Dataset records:

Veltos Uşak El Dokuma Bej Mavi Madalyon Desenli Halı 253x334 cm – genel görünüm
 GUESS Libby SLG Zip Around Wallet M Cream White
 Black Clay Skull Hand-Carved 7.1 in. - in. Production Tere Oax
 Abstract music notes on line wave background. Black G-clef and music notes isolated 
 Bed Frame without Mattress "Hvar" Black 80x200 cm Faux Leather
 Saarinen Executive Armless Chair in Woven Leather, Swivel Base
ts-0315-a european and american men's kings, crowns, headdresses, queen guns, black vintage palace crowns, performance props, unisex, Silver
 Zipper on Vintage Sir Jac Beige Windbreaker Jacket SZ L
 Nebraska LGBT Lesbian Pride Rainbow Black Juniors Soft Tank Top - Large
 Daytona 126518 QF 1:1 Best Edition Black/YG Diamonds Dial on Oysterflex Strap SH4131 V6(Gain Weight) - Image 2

What you have to do:
Output only the lines from the one that contains "Zipper on Vintage" through the last line of the data above, each restated exactly.

Solution to the exercise:
 Zipper on Vintage Sir Jac Beige Windbreaker Jacket SZ L
 Nebraska LGBT Lesbian Pride Rainbow Black Juniors Soft Tank Top - Large
 Daytona 126518 QF 1:1 Best Edition Black/YG Diamonds Dial on Oysterflex Strap SH4131 V6(Gain Weight) - Image 2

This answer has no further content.